This time last year we were at the end of a flood of emails asking for our consent for a variety of organisations for them to continue to communicate with us. The reason behind this rush was the full implementation of the GDPR and Data Protection Act 2018 and these organisations were running scared that they would fall foul of these laws. However many organisations need not have sent the emails in the first place; they did it because they didn’t properly understand the lawful basis for processing our personal data. The net effect of this was to destroy many mailing lists, now hampering future marketing initiatives and therefore potential sales revenue. Unfortunately there is not much we can do about this because once you’ve decided to go for consent as your lawful basis for processing, then you can’t reverse it retrospectively.

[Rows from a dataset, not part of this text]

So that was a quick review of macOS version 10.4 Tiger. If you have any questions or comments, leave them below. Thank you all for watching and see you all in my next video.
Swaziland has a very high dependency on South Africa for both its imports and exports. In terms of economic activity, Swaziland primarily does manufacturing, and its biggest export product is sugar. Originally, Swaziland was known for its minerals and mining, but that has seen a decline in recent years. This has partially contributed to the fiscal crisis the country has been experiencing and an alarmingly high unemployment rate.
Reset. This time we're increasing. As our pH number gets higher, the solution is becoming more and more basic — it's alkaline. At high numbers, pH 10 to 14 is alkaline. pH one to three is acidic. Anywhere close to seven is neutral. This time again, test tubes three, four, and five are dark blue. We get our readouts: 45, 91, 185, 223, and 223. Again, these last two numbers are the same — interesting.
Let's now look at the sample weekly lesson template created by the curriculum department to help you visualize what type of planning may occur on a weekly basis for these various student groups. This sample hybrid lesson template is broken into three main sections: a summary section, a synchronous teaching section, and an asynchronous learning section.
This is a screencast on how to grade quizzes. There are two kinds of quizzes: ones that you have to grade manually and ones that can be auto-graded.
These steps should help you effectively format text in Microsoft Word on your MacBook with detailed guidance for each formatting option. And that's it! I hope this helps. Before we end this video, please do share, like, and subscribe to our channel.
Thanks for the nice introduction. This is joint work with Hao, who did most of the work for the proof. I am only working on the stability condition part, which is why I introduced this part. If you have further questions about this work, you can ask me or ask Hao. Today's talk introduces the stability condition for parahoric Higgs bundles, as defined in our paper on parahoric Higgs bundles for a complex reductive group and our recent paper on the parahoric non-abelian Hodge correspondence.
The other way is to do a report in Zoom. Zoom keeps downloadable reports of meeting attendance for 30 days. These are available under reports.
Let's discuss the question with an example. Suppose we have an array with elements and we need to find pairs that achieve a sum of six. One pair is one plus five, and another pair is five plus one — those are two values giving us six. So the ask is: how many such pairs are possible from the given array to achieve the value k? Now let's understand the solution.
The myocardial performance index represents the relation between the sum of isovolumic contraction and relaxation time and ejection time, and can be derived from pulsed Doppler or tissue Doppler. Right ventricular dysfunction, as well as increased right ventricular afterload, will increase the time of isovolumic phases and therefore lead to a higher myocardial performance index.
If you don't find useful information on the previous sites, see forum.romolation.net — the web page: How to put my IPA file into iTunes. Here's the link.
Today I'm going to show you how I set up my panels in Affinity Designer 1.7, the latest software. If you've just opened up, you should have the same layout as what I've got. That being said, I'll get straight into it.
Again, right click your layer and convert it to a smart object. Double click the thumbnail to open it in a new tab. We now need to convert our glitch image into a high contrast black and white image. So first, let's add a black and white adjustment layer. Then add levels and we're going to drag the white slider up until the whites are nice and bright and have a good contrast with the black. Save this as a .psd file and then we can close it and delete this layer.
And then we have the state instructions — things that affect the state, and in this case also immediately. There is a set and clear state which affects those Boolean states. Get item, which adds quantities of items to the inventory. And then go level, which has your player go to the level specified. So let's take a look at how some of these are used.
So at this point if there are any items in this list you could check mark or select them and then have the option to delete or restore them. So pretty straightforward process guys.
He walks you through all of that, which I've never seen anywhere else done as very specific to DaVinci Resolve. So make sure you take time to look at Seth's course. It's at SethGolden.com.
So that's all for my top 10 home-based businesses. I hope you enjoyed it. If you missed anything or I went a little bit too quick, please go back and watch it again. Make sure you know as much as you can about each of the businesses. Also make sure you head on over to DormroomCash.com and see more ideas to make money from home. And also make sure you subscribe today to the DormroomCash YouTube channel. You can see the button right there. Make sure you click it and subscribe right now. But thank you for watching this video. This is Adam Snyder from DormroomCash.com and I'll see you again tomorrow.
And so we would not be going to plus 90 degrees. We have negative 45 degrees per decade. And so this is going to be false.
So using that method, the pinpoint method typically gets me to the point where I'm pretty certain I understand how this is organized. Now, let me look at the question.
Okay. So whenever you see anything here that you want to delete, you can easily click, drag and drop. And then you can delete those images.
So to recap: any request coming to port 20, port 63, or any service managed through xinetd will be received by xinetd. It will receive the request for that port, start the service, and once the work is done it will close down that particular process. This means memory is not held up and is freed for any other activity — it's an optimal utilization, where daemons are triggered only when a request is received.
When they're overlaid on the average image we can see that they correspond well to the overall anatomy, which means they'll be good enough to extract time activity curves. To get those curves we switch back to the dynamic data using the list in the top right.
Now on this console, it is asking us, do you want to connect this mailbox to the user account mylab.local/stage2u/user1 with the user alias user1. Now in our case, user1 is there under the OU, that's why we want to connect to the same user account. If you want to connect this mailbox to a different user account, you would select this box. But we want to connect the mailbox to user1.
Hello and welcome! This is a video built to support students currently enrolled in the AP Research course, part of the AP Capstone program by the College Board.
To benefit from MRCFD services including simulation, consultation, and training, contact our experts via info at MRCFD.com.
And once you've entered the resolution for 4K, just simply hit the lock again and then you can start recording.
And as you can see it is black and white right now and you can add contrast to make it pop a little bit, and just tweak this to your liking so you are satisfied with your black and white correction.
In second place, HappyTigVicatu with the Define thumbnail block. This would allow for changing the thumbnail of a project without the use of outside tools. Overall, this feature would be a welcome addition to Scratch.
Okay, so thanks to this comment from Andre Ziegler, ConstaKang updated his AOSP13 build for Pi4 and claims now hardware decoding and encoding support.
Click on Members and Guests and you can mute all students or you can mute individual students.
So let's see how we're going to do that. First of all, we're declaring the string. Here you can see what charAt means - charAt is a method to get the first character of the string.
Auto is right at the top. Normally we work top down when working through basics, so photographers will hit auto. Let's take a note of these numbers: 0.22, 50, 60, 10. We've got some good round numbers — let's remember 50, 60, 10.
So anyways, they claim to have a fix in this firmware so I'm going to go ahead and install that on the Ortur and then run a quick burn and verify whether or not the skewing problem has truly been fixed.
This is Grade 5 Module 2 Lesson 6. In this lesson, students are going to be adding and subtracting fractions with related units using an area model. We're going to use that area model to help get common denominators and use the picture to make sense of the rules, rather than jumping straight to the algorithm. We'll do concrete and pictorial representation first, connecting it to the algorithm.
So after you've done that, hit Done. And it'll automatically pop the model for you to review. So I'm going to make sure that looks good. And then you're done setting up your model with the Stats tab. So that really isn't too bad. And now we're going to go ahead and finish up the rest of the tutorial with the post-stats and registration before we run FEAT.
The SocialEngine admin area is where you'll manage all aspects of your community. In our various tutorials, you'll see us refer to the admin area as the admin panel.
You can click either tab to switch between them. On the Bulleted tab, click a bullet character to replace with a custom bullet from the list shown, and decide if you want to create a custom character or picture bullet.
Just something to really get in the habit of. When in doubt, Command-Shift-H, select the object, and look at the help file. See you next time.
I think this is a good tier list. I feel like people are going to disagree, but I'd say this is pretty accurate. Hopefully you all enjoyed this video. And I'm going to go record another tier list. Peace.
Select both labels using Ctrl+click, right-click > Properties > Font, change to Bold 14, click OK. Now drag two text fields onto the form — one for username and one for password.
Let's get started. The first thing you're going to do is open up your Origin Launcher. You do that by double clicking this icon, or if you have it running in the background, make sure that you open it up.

Luckily there were many organisations who didn’t send what I termed as ‘Zombie emails’, but they now have a bunch of past customers who they are not sure what they can do with. In effect you have customers with 3 types of permission:
NB. The size of the circles above is not based on any survey, it is purely to demonstrate the point.
Of all the customer data an organisation holds, in terms of marketing permissions, it is probable that the smallest group are in the Yes camp, and the largest in the No camp and it is clear what to do with those in the Yes and No camps. The Don’t Knows are probably somewhere in the middle in terms of size, but this will still represent a sizeable number of consumers that have interacted with your organisation before, but for whom it is not clear if you can market to them in future.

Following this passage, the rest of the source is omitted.